Comparison between Kind 2 and other infinite-state model checkers. (colour figure online)

Table 1. Techniques implemented in the tools.

3 Experimental Evaluation

Compositionality and certificate generation make Kind 2 ’s internal architecture more complex, and with a higher potential overhead, than comparable model checkers. So we provide an evaluation of Kind 2 ’s performance as a monolithic model-checker first (without certificate generation), before discussing the performance of its compositional reasoning features.

Comparison with Other Tools.

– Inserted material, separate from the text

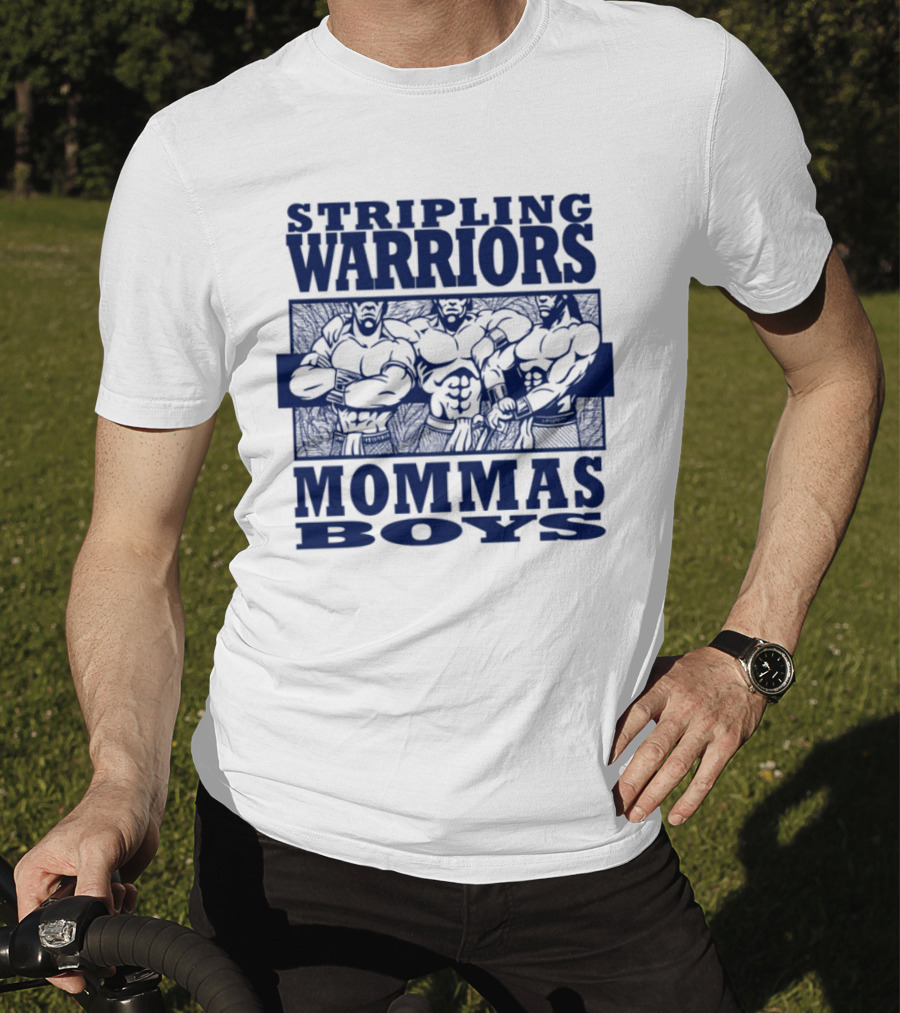 Stripling Warriors Mommas Boys Bold Muscular Figures T-Shirt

We compared Kind 2 with a number of recent model checkers for infinite-state systems: PKind [14]; JKind [10], a model checker similar to PKind developed in Java by Rockwell-Collins; Zustre, a Lustre front end for the Z3-based model checker Spacer [15]; and nuXmv [5], a general purpose model checker for synchronous finite-state and infinite-state systems. Table 1 shows the techniques implemented by each tool among a modular version (m) of \(k\)-induction with or without invariant generation (ig), and IC3 possibly augmented with interpolation (i) or implicit predicate abstraction [7] (ia). We ran each tool on a Linux machine with two 12-core 64-bit AMD Opteron processors and 32GB of memory on a set of single-property benchmarks that includes those discussed in [14].Footnote 3 nuXmv was given encoded versions of the original Lustre problems in its own input language, which were provided to use by its developers. We gave a timeout of five minutes for each problem. Figure 3 shows that Kind 2 is very competitive with its peers, outperforming its predecessor PKind and providing an answer (either valid or a counterexample) in more cases than any other tool.

Compositional vs. Monolithic Verification. We evaluated compositional reasoning in Kind 2 on the TCM (Transport Class Model) for medium-sized aircraft discussed and verified compositionally by hand by Brat et al. [4]. The subsystem of the TCM we had access to, which is modeled in Lustre, includes components for the latitudinal and longitudinal controllers, and for the mode logic that decides which controller should be active at any time. The controllers are heavily numerical and contain non-linear expressions, which are problematic for current SMT solvers. We wrote contracts corresponding to Federal Aviations Regulations [4] for most of the components of the subsystem. We also abstracted non-linear expressions by components with a linear contract.

The runtime to verify every component of the system bottom-up, including the abstractions of non-linear expressions, is about 400 s on a 2014 i7 CPU running OSX. A comparison with a purely monolithic approach is not possible because of the presence of non-linearity. All SMT solvers we tried would return unknown, even for checks dealing with a single, relatively simple component. As a consequence, we did a monolithic analysis of a modified TCM system where the non-linear expressions are replaced by their linear contract but otherwise nothing else is abstracted. In this setting, the analysis of the top level of the system ran for two hours without reaching a conclusion. We refer the interested reader to Champion el al. [6] for a more in-depth discussion.

4 Applications

Kind 2 is used in academia and in a variety of industrial settings. For the latter, it is for instance one of the backend model checkers in the AGREE framework for compositional verification of AADL models [1] at Rockwell-Collins. It has been used at General Electric for model-based test case generation. It is also used in an open-source model-checking plugin for Simulink developed by NASA Ames and CMU, which relies on Lustre model checkers and produces user feedback at the Simulink block level. Kind 2 ’s proof certificates are leveraged as an innovative way to approach tool qualification with respect to DO-178C requirements in a NASA and FAA funded project.